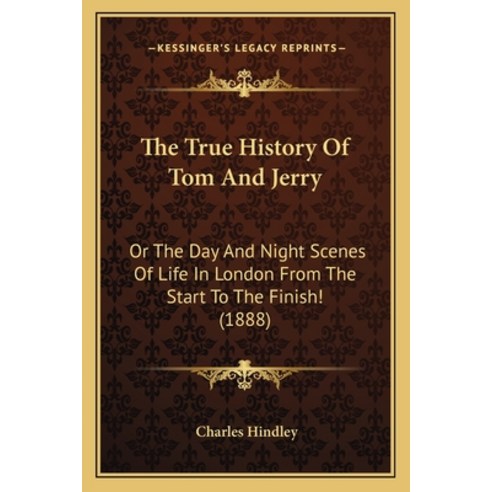 The True History Of Tom And Jerry: Or The Day And Night Scenes Of Life In London From The Start To T... Paperback, Kessinger Publishing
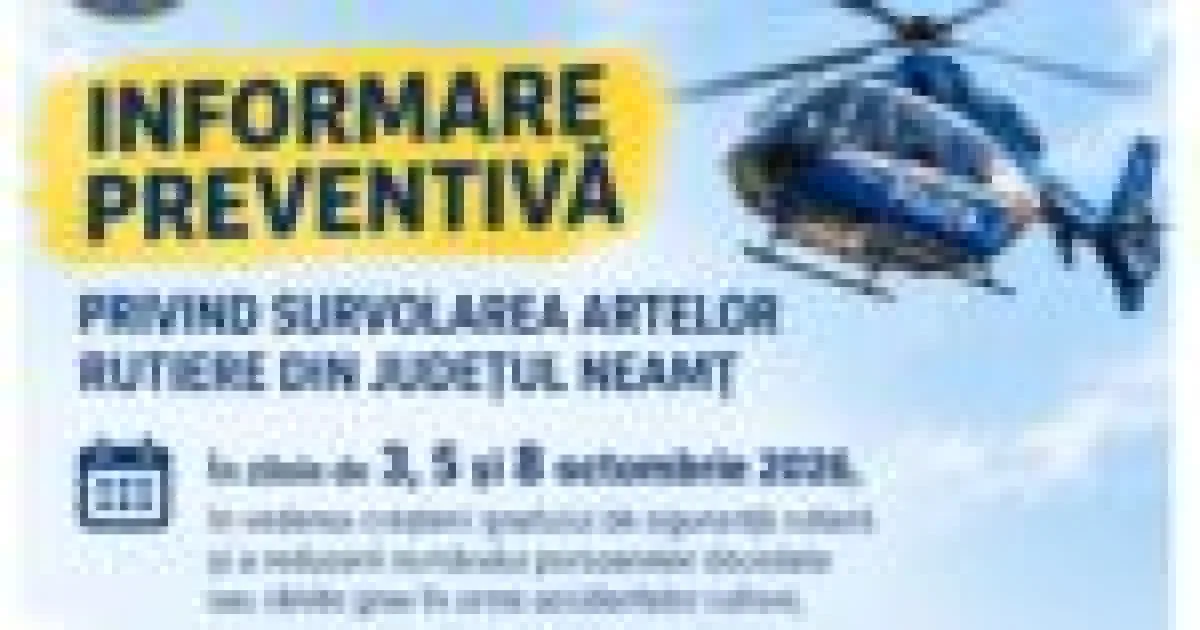 Traficul rutier din Neamț, monitorizat cu elicopterul pe principalele șosele
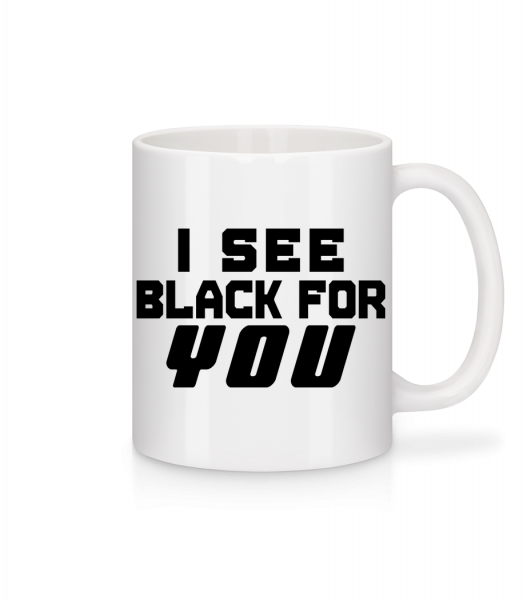 I See Black For You - Tasse - Weiß - Vorn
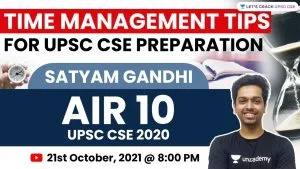Time Management Tips for UPSC CSE Aspirants | UPSC CSE/ IAS 2022/2023 | Satyam Gandhi AIR 10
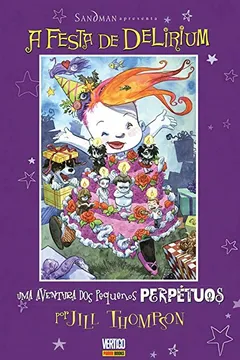 Livro Sandman Apresenta - Os Pequenos Perpétuos a Festa de Delirium - Volume 2 - Resumo, Resenha, PDF, etc.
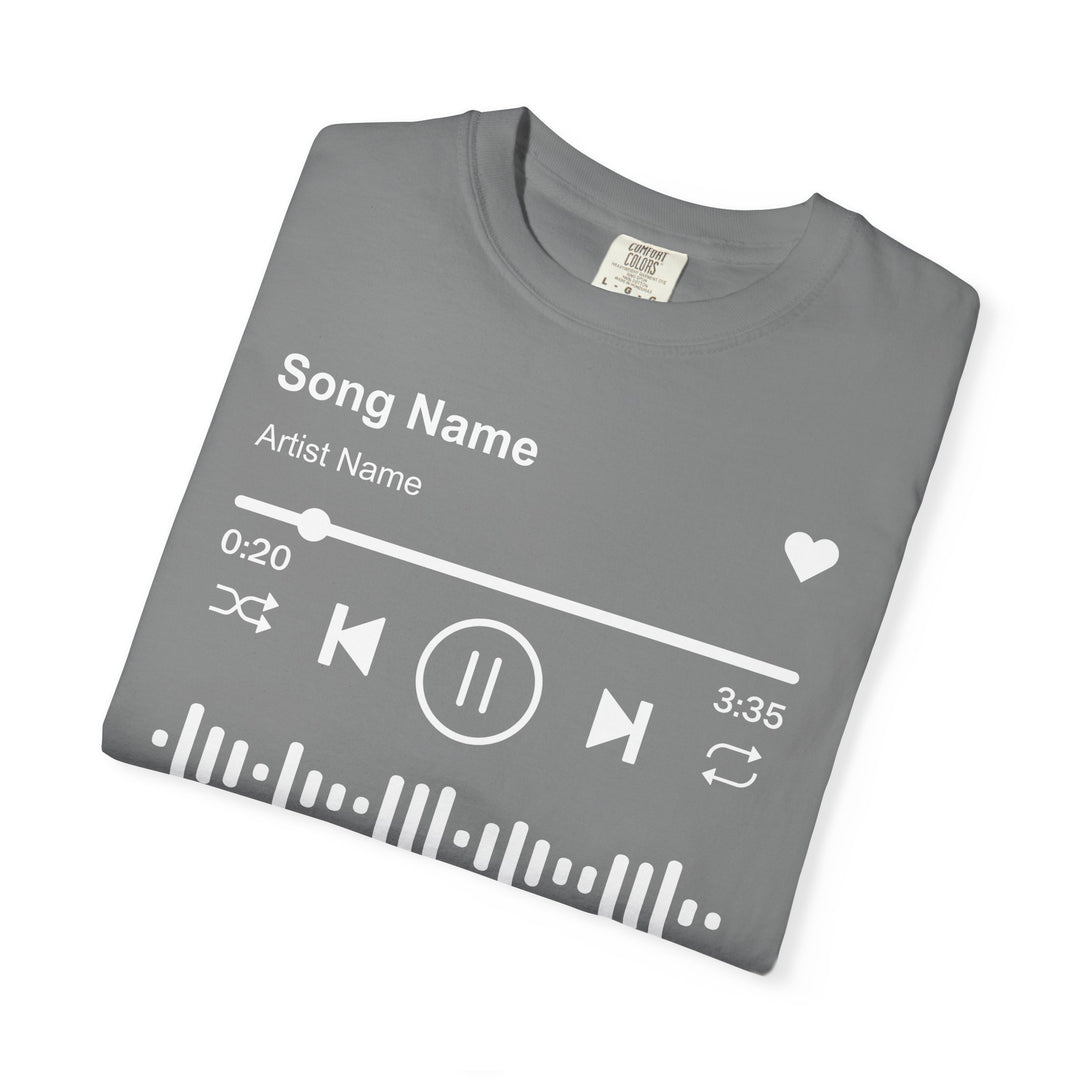 Custom Song Name Comfort Colors® Shirt | Personalized Favorite Song Tee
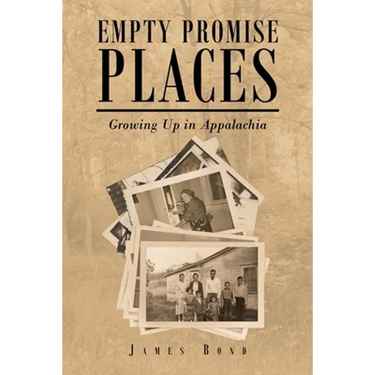 Empty Promise Places: Growing Up in Appalachia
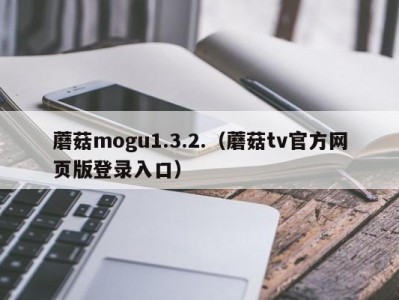 蘑菇mogu1.3.2.（蘑菇tv官方网页版登录入口）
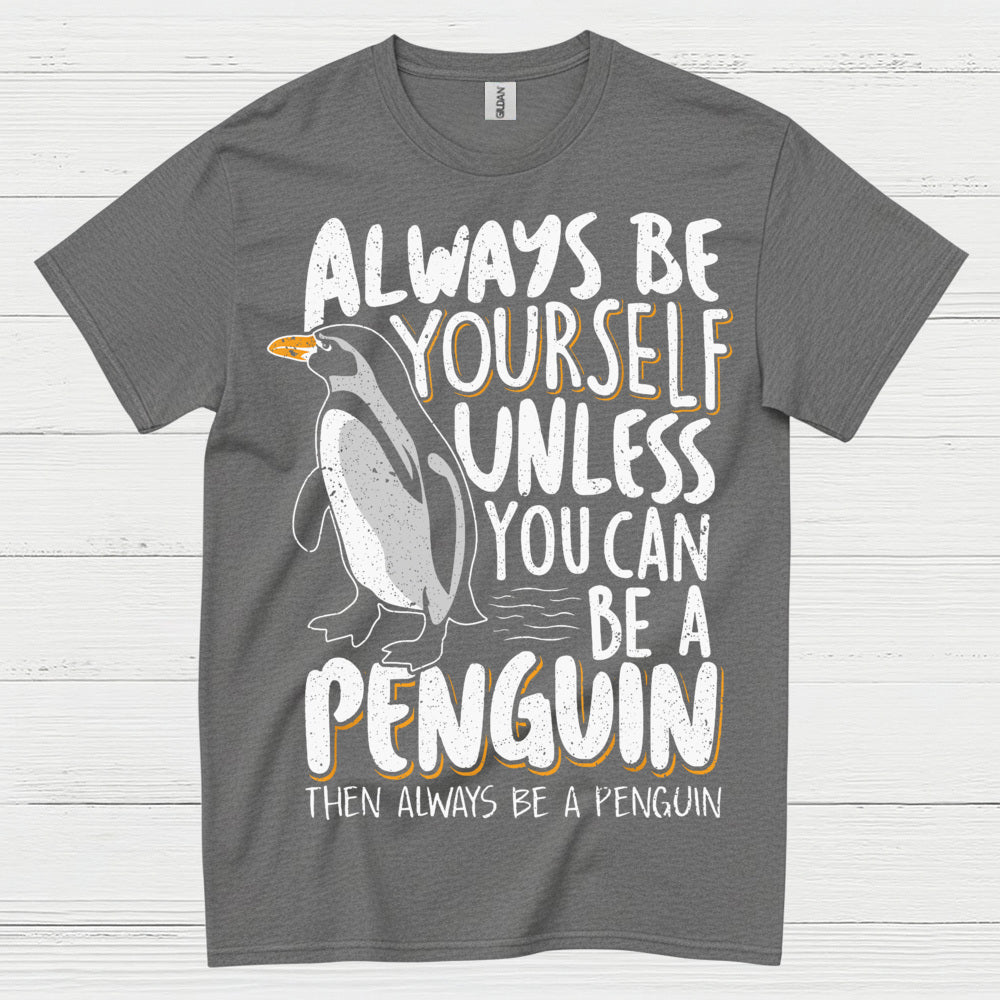 Always Be Yourself Be A Penguin Quote T Shirt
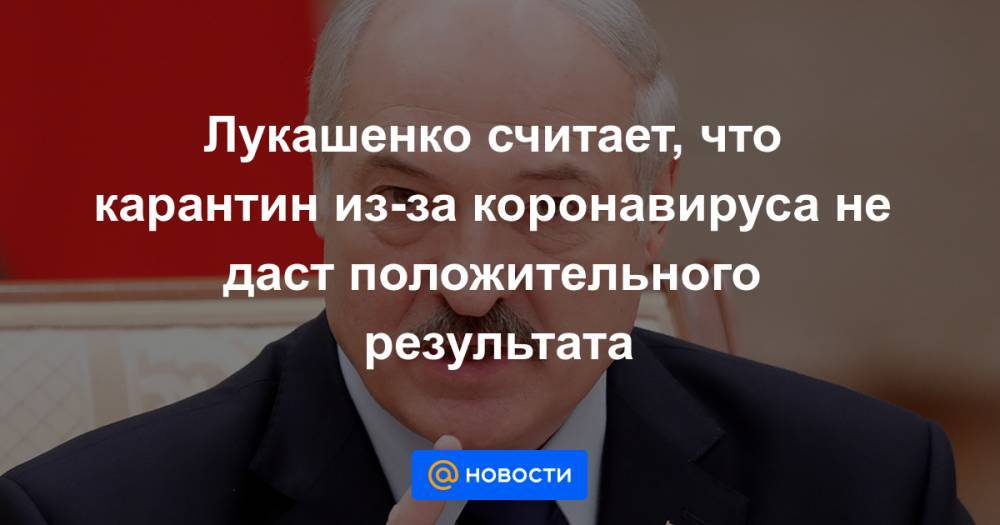 Лукашенко считает, что карантин из-за коронавируса не даст положительного результата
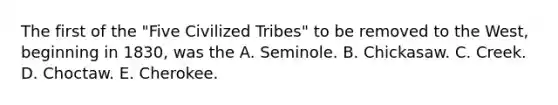 The first of the "Five Civilized Tribes" to be removed to the West, beginning in 1830, was the A. Seminole. B. Chickasaw. C. Creek. D. Choctaw. E. Cherokee.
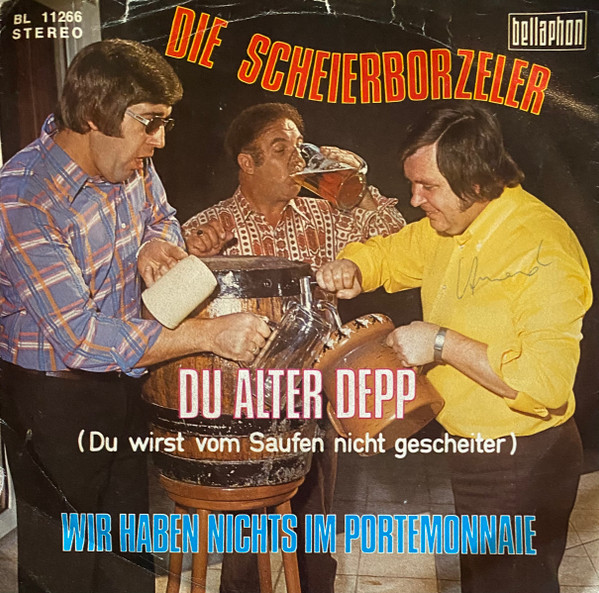 Die 3 Singenden Scheierborzeler Vom MCC - Du Alter Depp (Du Wirst Vom Saufen Nicht Gescheiter) / Wir Haben Nichts Im Portemonnaie | Bellaphon (BL 11 266)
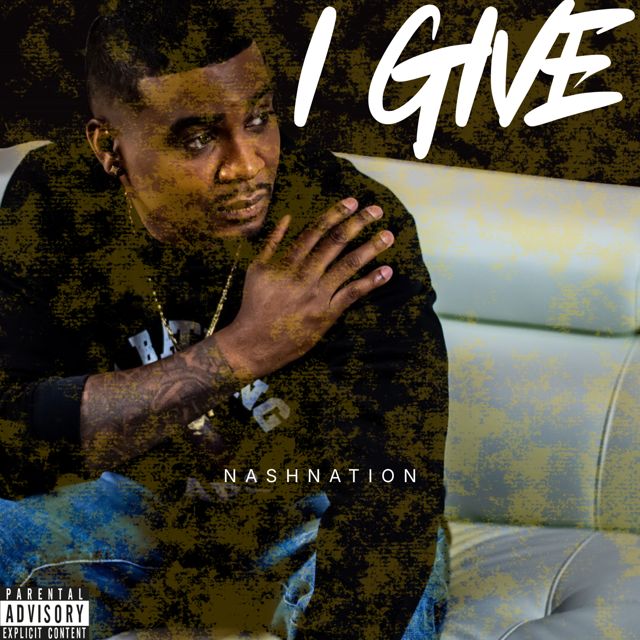 Nash Nation - 'I GIVE (RADIO EDIT) (Clean)' [Ringtone]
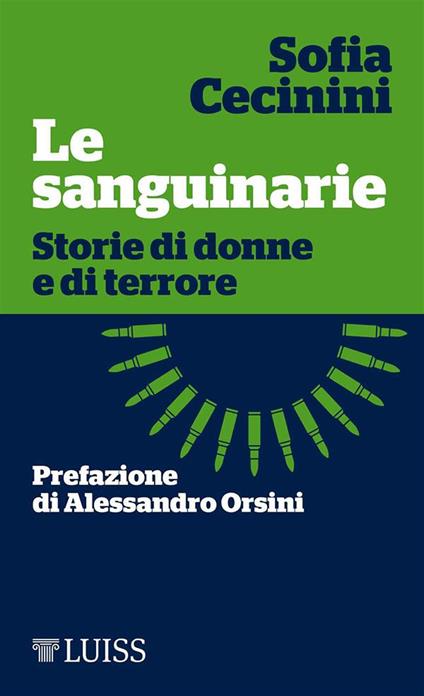 Le sanguinarie. Storie di donne e di terrore - Sofia Cecinini - ebook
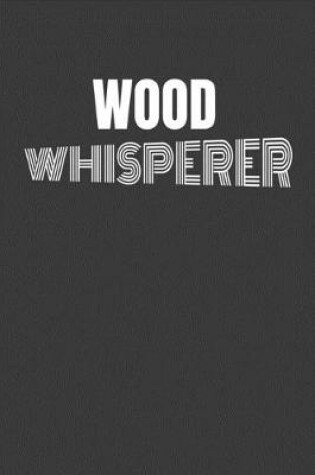 Cover of Wood Whisperer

____

▶ **EXERCISE GOAL**: Transcribe all records verbatim, no pictures.

▶ **EXERCISE ANSWER**:
 The True History Of Tom And Jerry: Or The Day And Night Scenes Of Life In London From The Start To T... Paperback, Kessinger Publishing
 Traficul rutier din Neamț, monitorizat cu elicopterul pe principalele șosele
 I See Black For You - Tasse - Weiß - Vorn
Time Management Tips for UPSC CSE Aspirants | UPSC CSE/ IAS 2022/2023 | Satyam Gandhi AIR 10
 Livro Sandman Apresenta - Os Pequenos Perpétuos a Festa de Delirium - Volume 2 - Resumo, Resenha, PDF, etc.
 Custom Song Name Comfort Colors® Shirt | Personalized Favorite Song Tee
 Empty Promise Places: Growing Up in Appalachia
 蘑菇mogu1.3.2.（蘑菇tv官方网页版登录入口）
 Always Be Yourself Be A Penguin Quote T Shirt
 Лукашенко считает, что карантин из-за коронавируса не даст положительного результата
 The first of the "Five Civilized Tribes" to be removed to the West, beginning in 1830, was the A. Seminole. B. Chickasaw. C. Creek. D. Choctaw. E. Cherokee.
 Die 3 Singenden Scheierborzeler Vom MCC - Du Alter Depp (Du Wirst Vom Saufen Nicht Gescheiter) / Wir Haben Nichts Im Portemonnaie | Bellaphon (BL 11 266)
 Nash Nation - 'I GIVE (RADIO EDIT) (Clean)' [Ringtone]
 Le sanguinarie. Storie di donne e di terrore - Sofia Cecinini - ebook
 Cover of Wood Whisperer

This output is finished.